Yes, throughout time, starting with Constantine the church is adopted and co-opted by the state. However that doesn't mean that you should demonize everything about the religion for what a few did vs. what the many have tried to do. It is easy to hang onto witches and crusades and ignore all the Salvation Army ringers that are out there collecting funds to help the poor. It's easy to overlook Catholic Charities who supply free clothing, food, shelter, and even half-way houses. It's easy to ignore the churches that house the food pantries that supply needed items for millions who would otherwise fall through the cracks of a broken system. Sure, some have taken advantage of religion and killed millions in the name of Christ driving others to join them in their madness over the last 2 thousand years. But this year I helped package 450 Christmas baskets that included dinners, gifts, and clothing to families and shut-ins that needed them to actually have a holiday. I was joined by thousands more just like me who cheerfully gave of their time, money and energy across this world so that others might also have a cheerful holiday and something to be thankful for. Your demonization of a holiday that celebrates the birth of a being who never asked for the evil that was conducted in His name and who offered love is small and petty. Try celebrating what this holiday is supposed to mean and look to those who are celebrating it for what it is really about; and merry Christmas.


----------



## fussy (Jan 18, 2010)

Mike,

As long as I've been around this site, I've thought of you as something of a renaissance man; ie., someone who is open-minded, interested in many things, with the intellect to sort through the bs to find the truth and make the connections.

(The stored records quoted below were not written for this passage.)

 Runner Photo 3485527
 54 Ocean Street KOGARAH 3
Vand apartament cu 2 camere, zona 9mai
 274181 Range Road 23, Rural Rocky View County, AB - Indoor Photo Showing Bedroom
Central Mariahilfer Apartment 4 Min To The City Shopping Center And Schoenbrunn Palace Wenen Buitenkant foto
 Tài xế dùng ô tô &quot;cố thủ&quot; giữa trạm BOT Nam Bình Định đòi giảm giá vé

I don't like the heavy-handedness of some of the Christian faith. Funny; faith is defined as the ability to accept a concept without proof, yet they continually try to 'prove' the articles of their "faith' while demonizing all concepts that threaten or disagree with it. In the last 200 years, religious scholars and historians have tried and failed to find proof of his birth, life, deeds, or death. Religious scholars and historians have pretty much concluded that any attempt to prove Jesus' existence through historical records is a lost cause. The gospels don't agree, and in 1906, Albert Schweitzer lamented that efforts to bring Jesus "into our time as teacher and saviour….Coming to the results, there is nothing more negative than the result of the critical study of the Life of Jesus. The Jesus od Nazareth who came forward publicly as the Messiah, who preached the ethic of the Kingdom of God, who founded the Kingdom of Heaven upon earth, and died to give his work its final consecration, never had any existence. This image has not been been destroyed from without. It has fallen to pieces, cleft and disintegrated by the concrete historical problems which came to the surface one after another, and in concrete historical problems which came to the surface one after another,and in spite of all the artifice, art, artificiality, and violence which was applied to them, refused to be planed down to fit the design on which Jesus of the theology of the last hundred and thirty years had been constructed and were no sooner covered than they appeared again in a new form" He concludes, "We thought it was for us to lead our time by the roundaout way through the historical Jesus, as we understand him, in order to bring it to the Jesus who is a spiritual power in the present. This roundabout way has now been closed by genuine history". James P. Mackay confirmed Schweitzer in that is was in the previous 200 years that people took confidence in the trusty methods of science and that they could , through scientific history make the real Jesus stand up. And with that confidence produced one version after another, each disturbingly different from the one before..Pessimism spreaqd far beyond the confines of professional scholarship:The 'real Jesus' could not be found. History is full of efforts past and current to 'prove Jesus'existence much less his divinity that have failed miserably.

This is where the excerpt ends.